§ **WHAT YOU NEED TO DO**
Within the data that follows, set down exactly the lines from the one containing "Leende söt lekfull" through the one containing "Canon EF-S 60mm", both ends included.

§ **INPUT DATA**
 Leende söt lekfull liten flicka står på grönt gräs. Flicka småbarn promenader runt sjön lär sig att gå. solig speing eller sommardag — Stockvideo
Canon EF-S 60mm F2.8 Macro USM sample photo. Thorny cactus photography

* * *

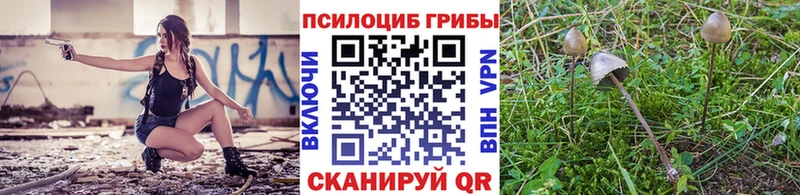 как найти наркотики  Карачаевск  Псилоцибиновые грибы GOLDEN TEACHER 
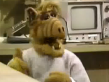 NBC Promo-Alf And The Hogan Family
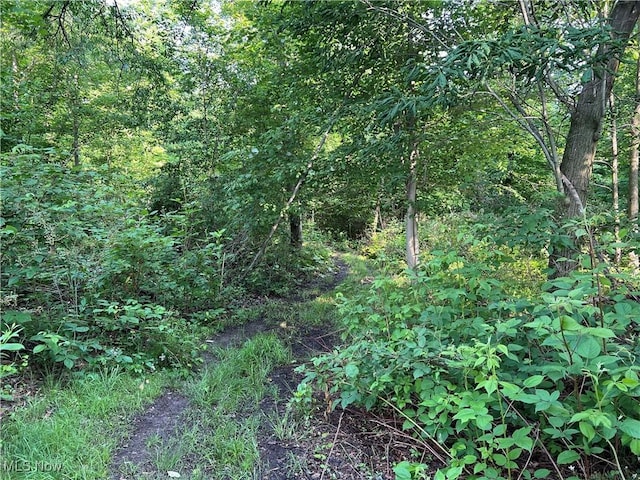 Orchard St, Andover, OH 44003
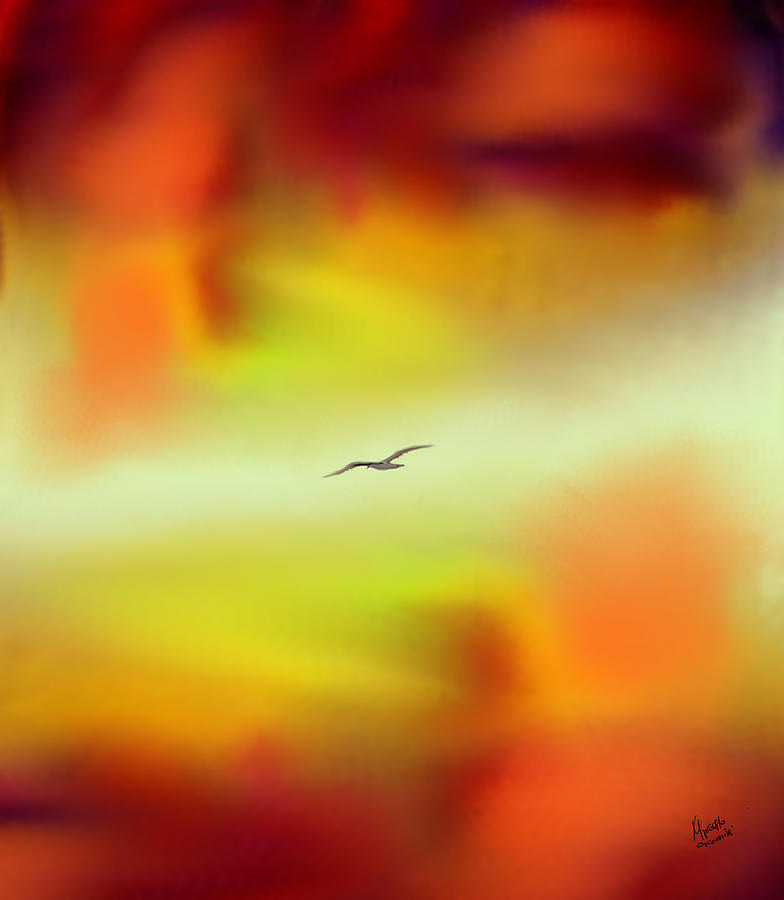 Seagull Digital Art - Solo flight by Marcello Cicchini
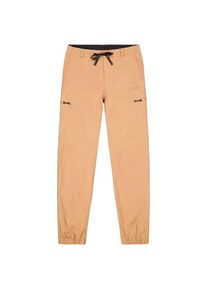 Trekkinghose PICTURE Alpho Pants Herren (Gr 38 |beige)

§ **ANSWER SECTION**
 Leende söt lekfull liten flicka står på grönt gräs. Flicka småbarn promenader runt sjön lär sig att gå. solig speing eller sommardag — Stockvideo
Canon EF-S 60mm F2.8 Macro USM sample photo. Thorny cactus photography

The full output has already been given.